### WHAT IS BEING ASKED
Write down each of the records again, exactly and in full.

### SUPPLIED INFORMATION
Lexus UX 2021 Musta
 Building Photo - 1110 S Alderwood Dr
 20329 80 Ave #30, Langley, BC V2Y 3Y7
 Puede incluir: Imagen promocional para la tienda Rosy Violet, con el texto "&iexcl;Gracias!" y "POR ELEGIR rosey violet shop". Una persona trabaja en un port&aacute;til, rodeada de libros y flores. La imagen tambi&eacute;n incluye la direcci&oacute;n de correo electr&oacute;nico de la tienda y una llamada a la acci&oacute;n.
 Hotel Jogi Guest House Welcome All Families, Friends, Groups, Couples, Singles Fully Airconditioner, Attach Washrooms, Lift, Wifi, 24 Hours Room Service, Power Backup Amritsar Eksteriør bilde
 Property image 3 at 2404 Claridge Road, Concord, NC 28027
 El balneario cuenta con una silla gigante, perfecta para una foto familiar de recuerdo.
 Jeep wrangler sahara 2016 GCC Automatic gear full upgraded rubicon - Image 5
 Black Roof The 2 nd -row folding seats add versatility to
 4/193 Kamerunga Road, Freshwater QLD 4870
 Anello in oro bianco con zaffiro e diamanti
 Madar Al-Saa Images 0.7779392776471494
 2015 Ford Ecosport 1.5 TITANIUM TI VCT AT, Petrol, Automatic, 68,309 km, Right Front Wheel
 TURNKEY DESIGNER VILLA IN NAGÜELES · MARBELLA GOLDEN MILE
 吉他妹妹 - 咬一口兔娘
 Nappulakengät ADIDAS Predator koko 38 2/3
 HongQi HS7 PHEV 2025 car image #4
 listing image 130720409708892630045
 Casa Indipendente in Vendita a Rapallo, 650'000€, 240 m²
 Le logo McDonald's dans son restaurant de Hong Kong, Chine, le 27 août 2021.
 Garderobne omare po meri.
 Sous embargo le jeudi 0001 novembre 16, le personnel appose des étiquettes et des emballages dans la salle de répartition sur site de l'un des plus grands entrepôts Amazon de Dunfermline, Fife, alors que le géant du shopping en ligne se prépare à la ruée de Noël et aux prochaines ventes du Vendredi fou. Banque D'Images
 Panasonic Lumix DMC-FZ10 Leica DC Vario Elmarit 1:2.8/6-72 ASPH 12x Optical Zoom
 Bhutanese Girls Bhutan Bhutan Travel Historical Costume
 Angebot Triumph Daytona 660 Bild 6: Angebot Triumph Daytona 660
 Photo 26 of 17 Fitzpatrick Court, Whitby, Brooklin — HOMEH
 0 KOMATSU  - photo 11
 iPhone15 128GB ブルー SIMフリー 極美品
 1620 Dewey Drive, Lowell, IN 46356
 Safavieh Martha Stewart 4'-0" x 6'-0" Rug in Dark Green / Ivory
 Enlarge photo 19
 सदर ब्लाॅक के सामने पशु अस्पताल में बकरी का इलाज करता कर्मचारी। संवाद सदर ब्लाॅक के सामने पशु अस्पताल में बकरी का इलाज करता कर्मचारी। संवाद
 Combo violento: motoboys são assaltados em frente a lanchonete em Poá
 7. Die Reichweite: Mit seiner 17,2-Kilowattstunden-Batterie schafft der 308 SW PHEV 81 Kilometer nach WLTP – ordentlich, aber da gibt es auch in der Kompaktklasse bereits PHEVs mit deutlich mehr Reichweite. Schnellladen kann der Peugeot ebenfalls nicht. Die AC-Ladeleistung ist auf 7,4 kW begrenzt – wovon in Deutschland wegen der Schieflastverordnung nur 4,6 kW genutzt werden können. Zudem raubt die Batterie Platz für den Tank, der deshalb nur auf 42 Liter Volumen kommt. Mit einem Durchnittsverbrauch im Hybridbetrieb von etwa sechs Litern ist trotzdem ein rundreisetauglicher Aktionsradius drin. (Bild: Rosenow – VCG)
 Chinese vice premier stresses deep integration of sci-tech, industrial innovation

### FINAL ANSWER
Lexus UX 2021 Musta
 Building Photo - 1110 S Alderwood Dr
 20329 80 Ave #30, Langley, BC V2Y 3Y7
 Puede incluir: Imagen promocional para la tienda Rosy Violet, con el texto "&iexcl;Gracias!" y "POR ELEGIR rosey violet shop". Una persona trabaja en un port&aacute;til, rodeada de libros y flores. La imagen tambi&eacute;n incluye la direcci&oacute;n de correo electr&oacute;nico de la tienda y una llamada a la acci&oacute;n.
 Hotel Jogi Guest House Welcome All Families, Friends, Groups, Couples, Singles Fully Airconditioner, Attach Washrooms, Lift, Wifi, 24 Hours Room Service, Power Backup Amritsar Eksteriør bilde
 Property image 3 at 2404 Claridge Road, Concord, NC 28027
 El balneario cuenta con una silla gigante, perfecta para una foto familiar de recuerdo.
 Jeep wrangler sahara 2016 GCC Automatic gear full upgraded rubicon - Image 5
 Black Roof The 2 nd -row folding seats add versatility to
 4/193 Kamerunga Road, Freshwater QLD 4870
 Anello in oro bianco con zaffiro e diamanti
 Madar Al-Saa Images 0.7779392776471494
 2015 Ford Ecosport 1.5 TITANIUM TI VCT AT, Petrol, Automatic, 68,309 km, Right Front Wheel
 TURNKEY DESIGNER VILLA IN NAGÜELES · MARBELLA GOLDEN MILE
 吉他妹妹 - 咬一口兔娘
 Nappulakengät ADIDAS Predator koko 38 2/3
 HongQi HS7 PHEV 2025 car image #4
 listing image 130720409708892630045
 Casa Indipendente in Vendita a Rapallo, 650'000€, 240 m²
 Le logo McDonald's dans son restaurant de Hong Kong, Chine, le 27 août 2021.
 Garderobne omare po meri.
 Sous embargo le jeudi 0001 novembre 16, le personnel appose des étiquettes et des emballages dans la salle de répartition sur site de l'un des plus grands entrepôts Amazon de Dunfermline, Fife, alors que le géant du shopping en ligne se prépare à la ruée de Noël et aux prochaines ventes du Vendredi fou. Banque D'Images
 Panasonic Lumix DMC-FZ10 Leica DC Vario Elmarit 1:2.8/6-72 ASPH 12x Optical Zoom
 Bhutanese Girls Bhutan Bhutan Travel Historical Costume
 Angebot Triumph Daytona 660 Bild 6: Angebot Triumph Daytona 660
 Photo 26 of 17 Fitzpatrick Court, Whitby, Brooklin — HOMEH
 0 KOMATSU  - photo 11
 iPhone15 128GB ブルー SIMフリー 極美品
 1620 Dewey Drive, Lowell, IN 46356
 Safavieh Martha Stewart 4'-0" x 6'-0" Rug in Dark Green / Ivory
 Enlarge photo 19
 सदर ब्लाॅक के सामने पशु अस्पताल में बकरी का इलाज करता कर्मचारी। संवाद सदर ब्लाॅक के सामने पशु अस्पताल में बकरी का इलाज करता कर्मचारी। संवाद
 Combo violento: motoboys são assaltados em frente a lanchonete em Poá
 7. Die Reichweite: Mit seiner 17,2-Kilowattstunden-Batterie schafft der 308 SW PHEV 81 Kilometer nach WLTP – ordentlich, aber da gibt es auch in der Kompaktklasse bereits PHEVs mit deutlich mehr Reichweite. Schnellladen kann der Peugeot ebenfalls nicht. Die AC-Ladeleistung ist auf 7,4 kW begrenzt – wovon in Deutschland wegen der Schieflastverordnung nur 4,6 kW genutzt werden können. Zudem raubt die Batterie Platz für den Tank, der deshalb nur auf 42 Liter Volumen kommt. Mit einem Durchnittsverbrauch im Hybridbetrieb von etwa sechs Litern ist trotzdem ein rundreisetauglicher Aktionsradius drin. (Bild: Rosenow – VCG)
 Chinese vice premier stresses deep integration of sci-tech, industrial innovation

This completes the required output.